== Segment start ==

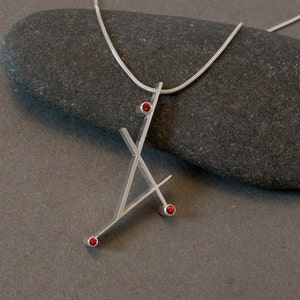 May include: A silver pendant necklace with a geometric design. The pendant features an abstract shape with three small, round, red gemstones. The necklace is displayed on a dark gray stone surface.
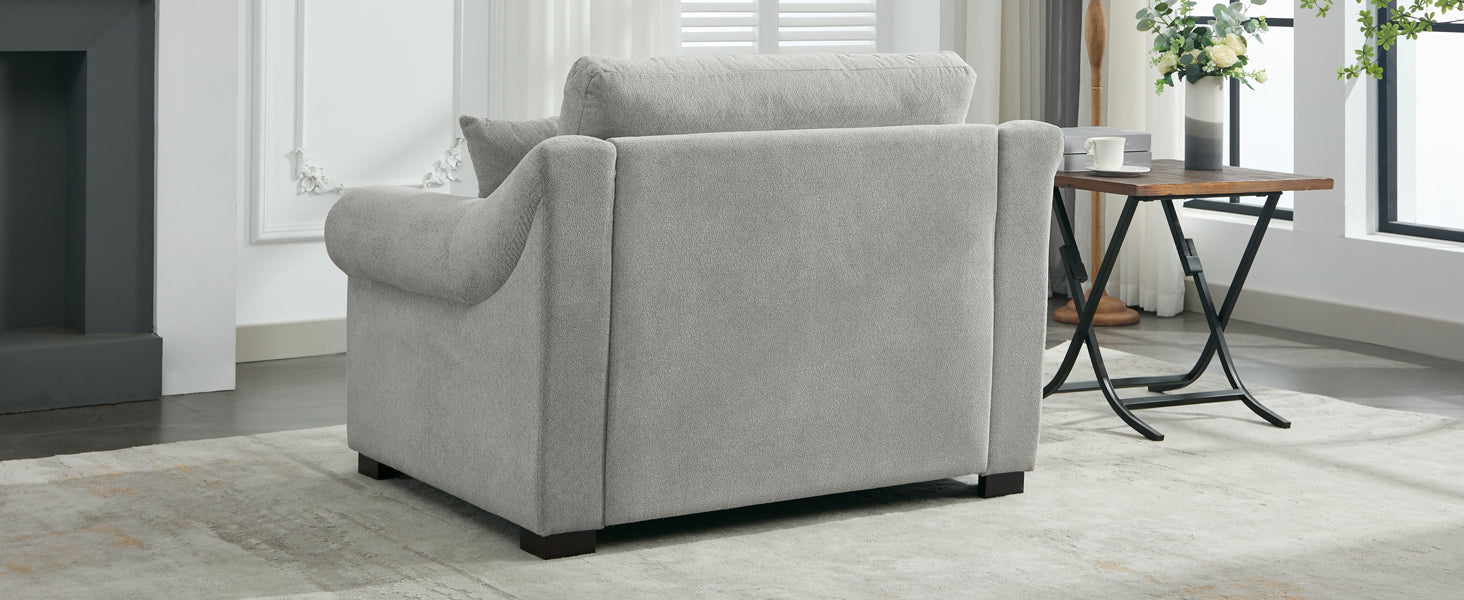 Textured light gray fabric armchair with plush back cushions and rolled arms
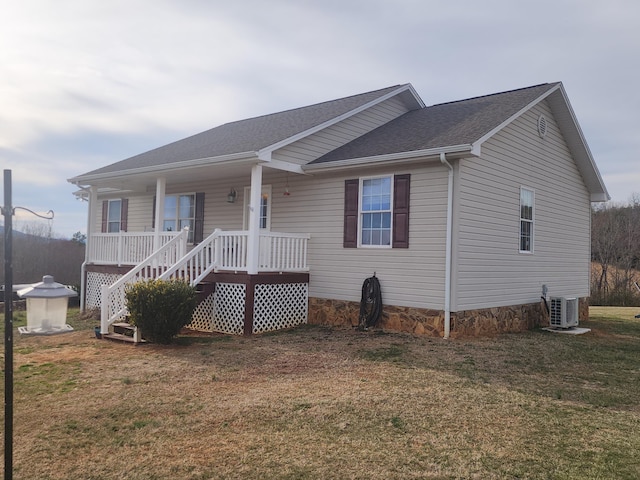 view of front of home with a porch, roof with shingles, central AC unit, and a front lawn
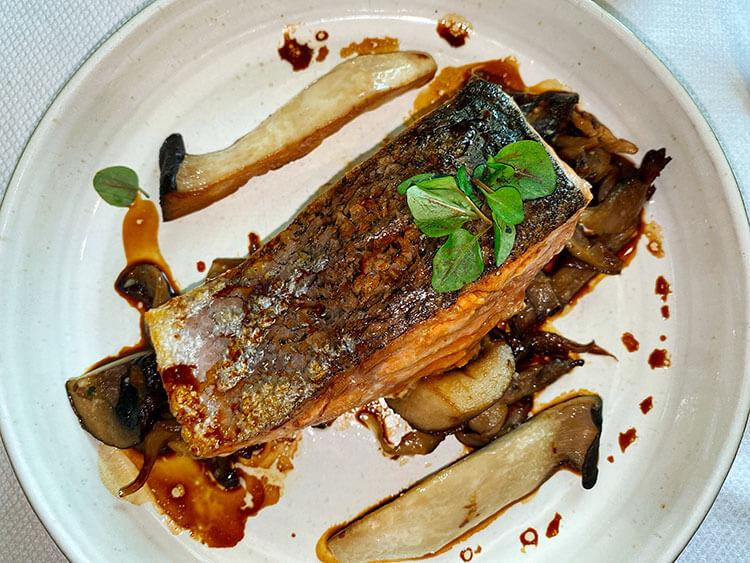 A samon filet on a bed of mushrooms at Château Grand Barrail in Saint-Émilion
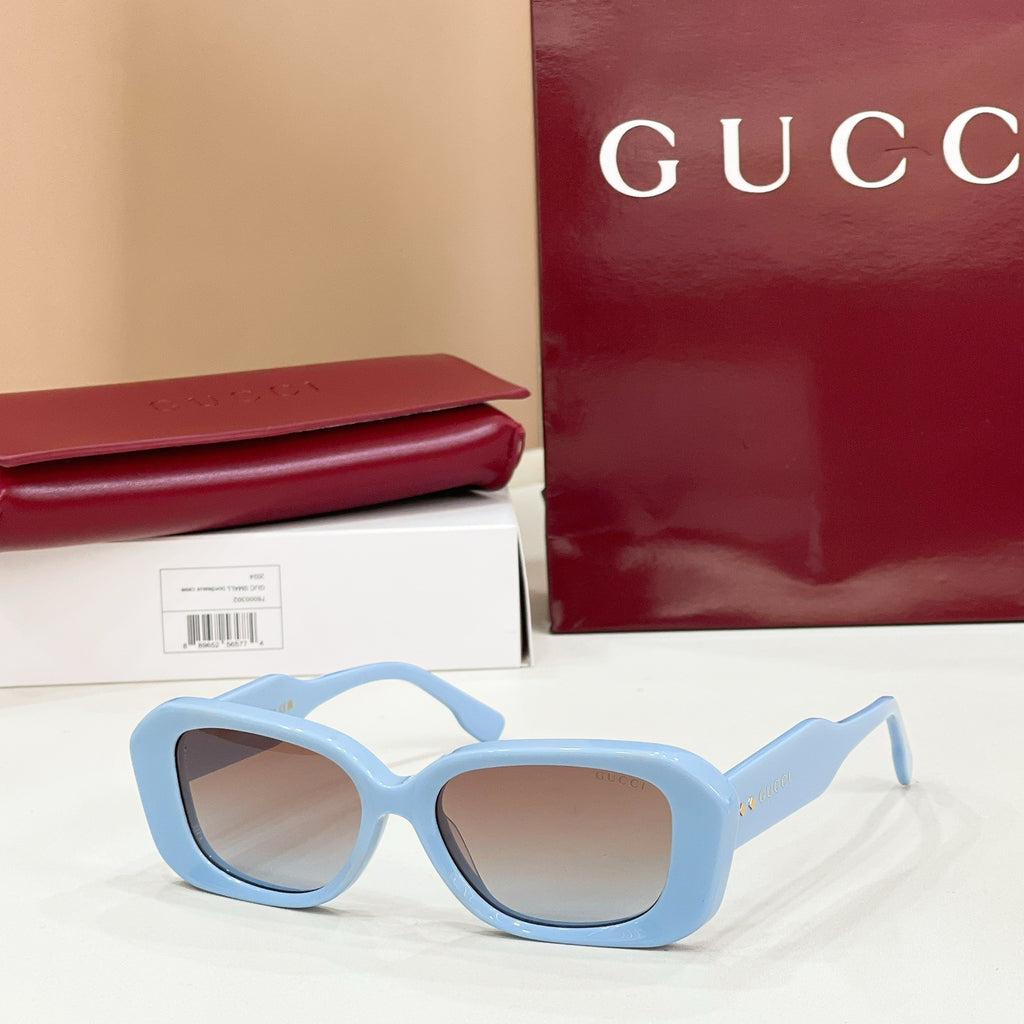 Gucci sunglasses, light blue cat-eye frames with light-tinted lenses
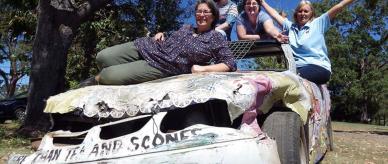 4 women sitting on a car painted with 'More than tea and scones.'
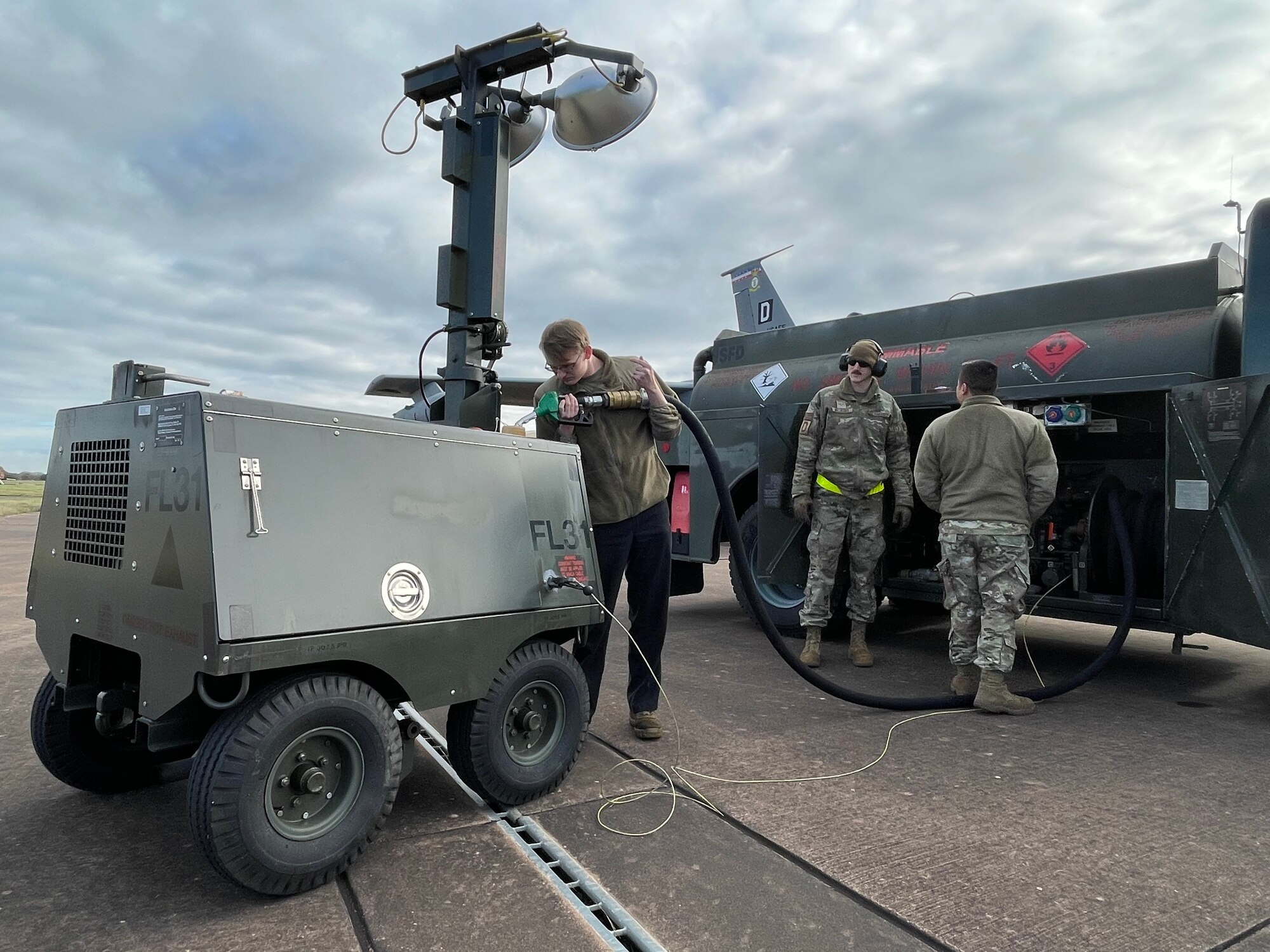 U.S. Airmen assigned to the 100th Air Refueling Wing fill an aerospace ground equipment light with diesel fuel during exercise Castle Forge at Royal Air Force Fairford, England, Nov. 3, 2021. The ability to quickly respond and reassure allies and partners rests upon the U.S. Air Force’s forward and ready presence in Europe. In addition to F-15 Eagle aircraft operations in the Black Sea Region, Castle Forge encompasses the USAFE-wide Agile Combat Employment capstone event. Castle Forge’s components will better enable forces to quickly disperse and continue to deliver air power from locations with varying levels of capacity and support, ensuring Airmen are always ready to respond to potential threats.  (U.S. Air Force photo by Senior Airman Joseph Barron)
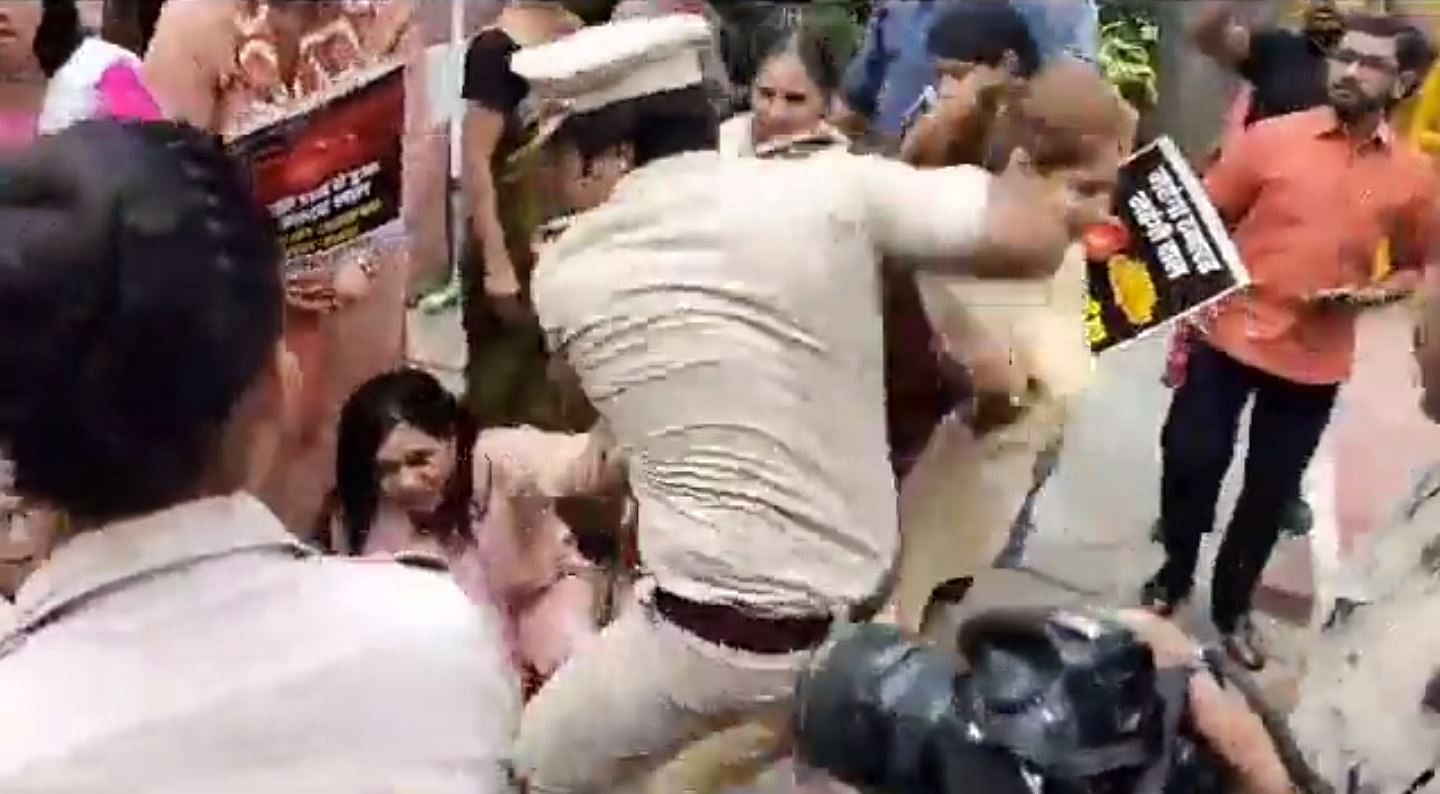 Screengrab from a video shared by the Congress shows a male Delhi Police officer manhandling a Mahila Congress member. Credit: Twitter/@INCIndia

== Segment end ==

ABOUT THIS TASK:
Write out all the records exactly, omitting the images.

RESPONSE:
 May include: A silver pendant necklace with a geometric design. The pendant features an abstract shape with three small, round, red gemstones. The necklace is displayed on a dark gray stone surface.
 Textured light gray fabric armchair with plush back cushions and rolled arms
 view of front of home with a porch, roof with shingles, central AC unit, and a front lawn
 A samon filet on a bed of mushrooms at Château Grand Barrail in Saint-Émilion
 Gucci sunglasses, light blue cat-eye frames with light-tinted lenses
 4 women sitting on a car painted with 'More than tea and scones.'
 U.S. Airmen assigned to the 100th Air Refueling Wing fill an aerospace ground equipment light with diesel fuel during exercise Castle Forge at Royal Air Force Fairford, England, Nov. 3, 2021. The ability to quickly respond and reassure allies and partners rests upon the U.S. Air Force’s forward and ready presence in Europe. In addition to F-15 Eagle aircraft operations in the Black Sea Region, Castle Forge encompasses the USAFE-wide Agile Combat Employment capstone event. Castle Forge’s components will better enable forces to quickly disperse and continue to deliver air power from locations with varying levels of capacity and support, ensuring Airmen are always ready to respond to potential threats.  (U.S. Air Force photo by Senior Airman Joseph Barron)
 Screengrab from a video shared by the Congress shows a male Delhi Police officer manhandling a Mahila Congress member. Credit: Twitter/@INCIndia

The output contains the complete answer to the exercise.